◆ **EXERCISE INSTRUCTIONS**
Retype, exactly as they stand, the lines from the start of the data to the line that contains "Person writing in", both ends included. Leave the pictures out.

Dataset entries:
Start of Block
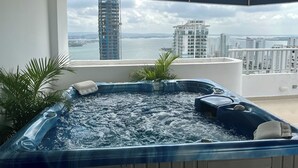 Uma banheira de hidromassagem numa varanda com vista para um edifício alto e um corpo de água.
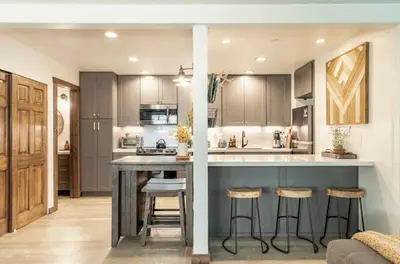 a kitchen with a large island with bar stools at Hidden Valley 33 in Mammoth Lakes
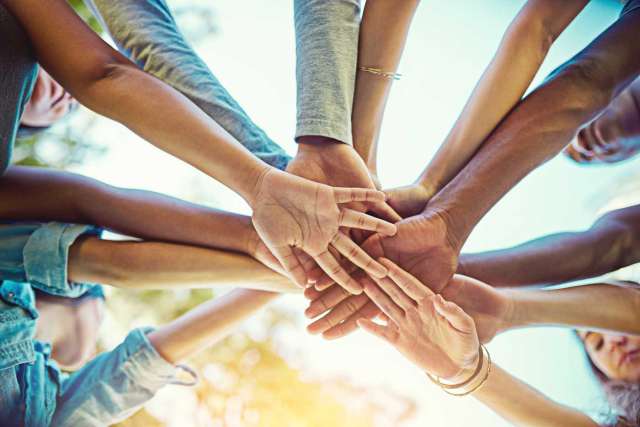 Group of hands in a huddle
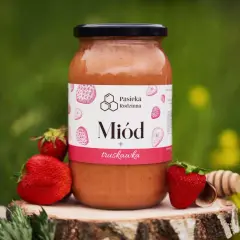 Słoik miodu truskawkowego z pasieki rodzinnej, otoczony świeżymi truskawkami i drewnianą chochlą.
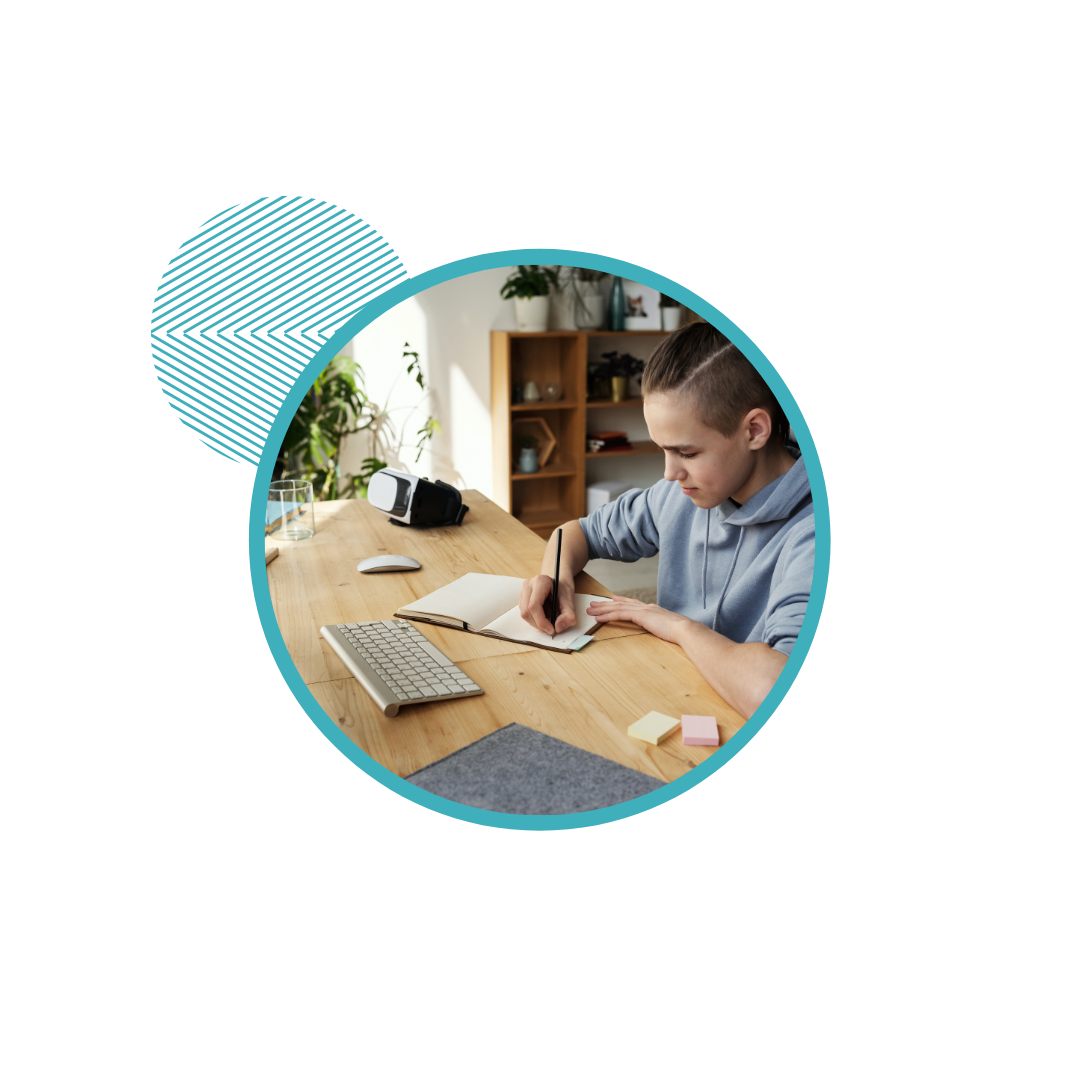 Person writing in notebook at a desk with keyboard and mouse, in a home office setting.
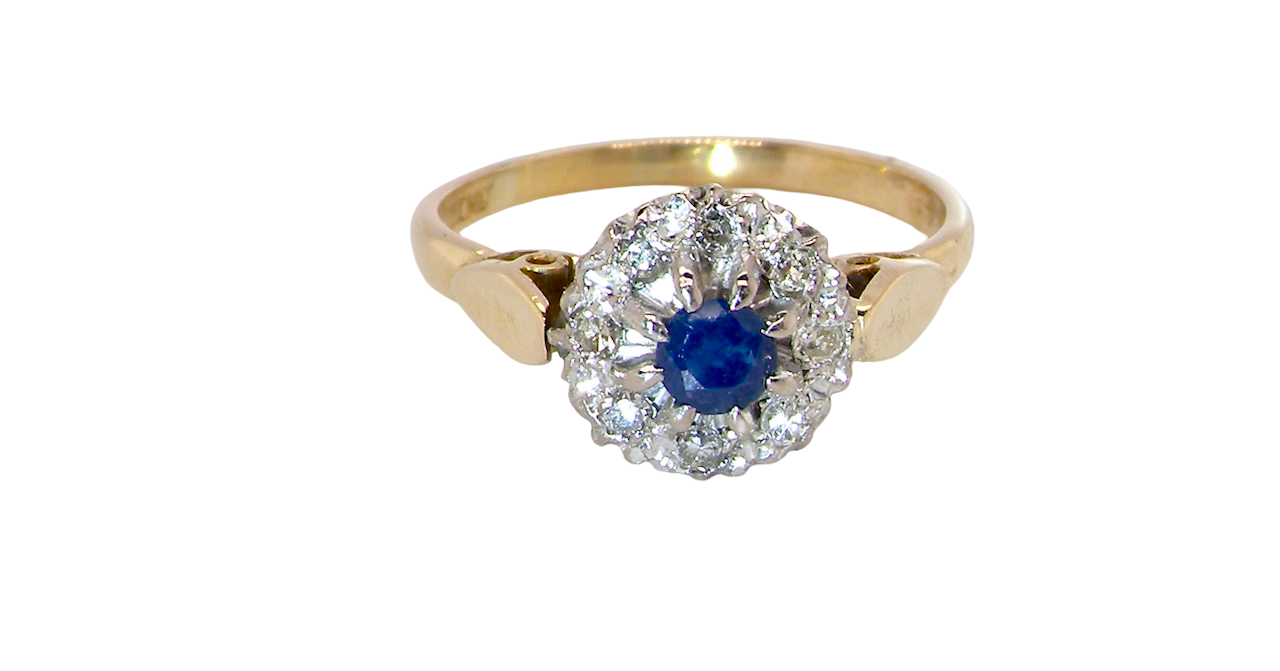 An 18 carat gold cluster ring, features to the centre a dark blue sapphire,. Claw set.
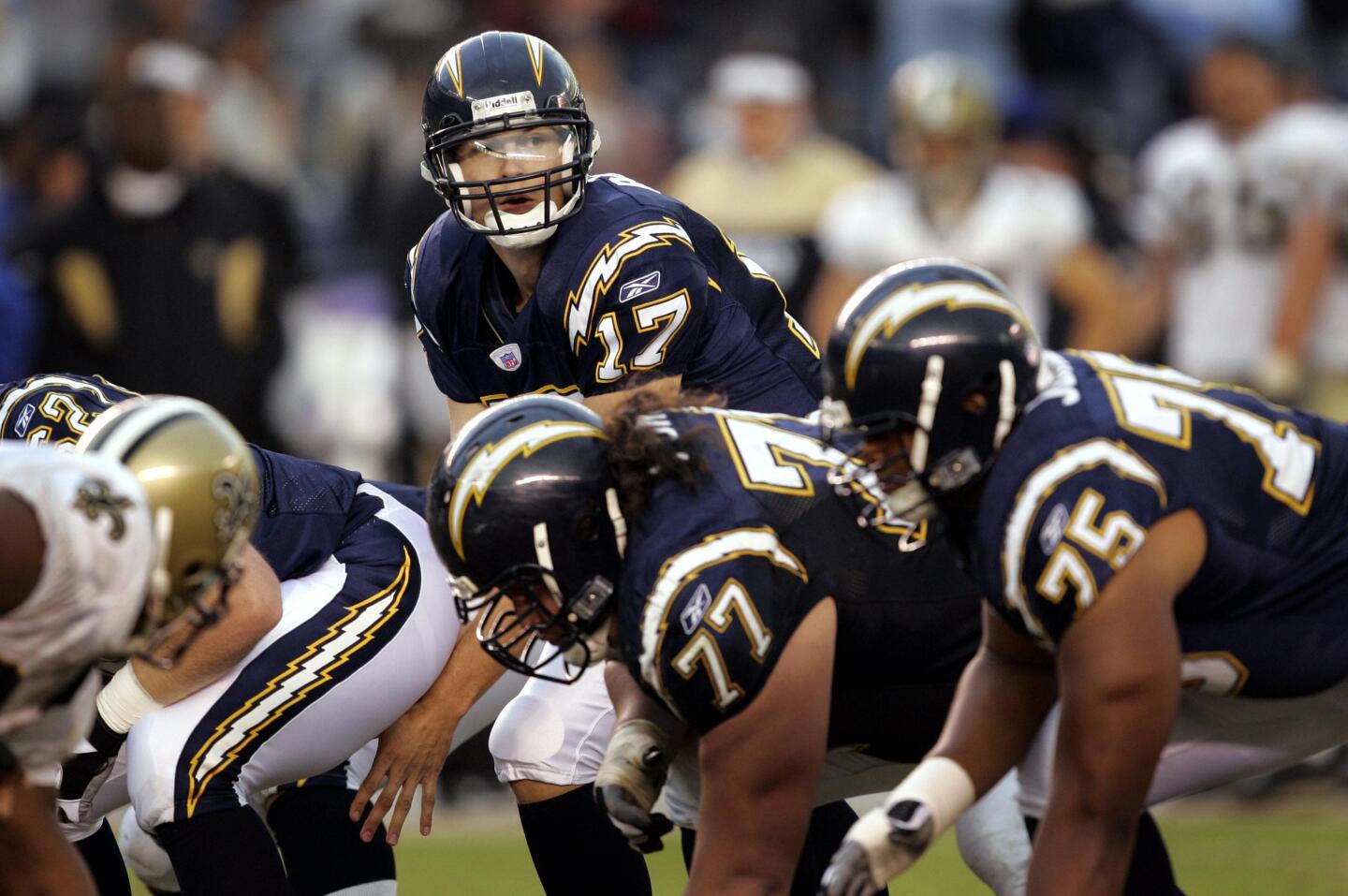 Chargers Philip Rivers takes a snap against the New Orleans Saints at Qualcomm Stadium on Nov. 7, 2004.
End of Block
◆ **SOLUTION TO THIS EXERCISE**
 Uma banheira de hidromassagem numa varanda com vista para um edifício alto e um corpo de água.
 a kitchen with a large island with bar stools at Hidden Valley 33 in Mammoth Lakes
 Group of hands in a huddle
 Słoik miodu truskawkowego z pasieki rodzinnej, otoczony świeżymi truskawkami i drewnianą chochlą.
 Person writing in notebook at a desk with keyboard and mouse, in a home office setting.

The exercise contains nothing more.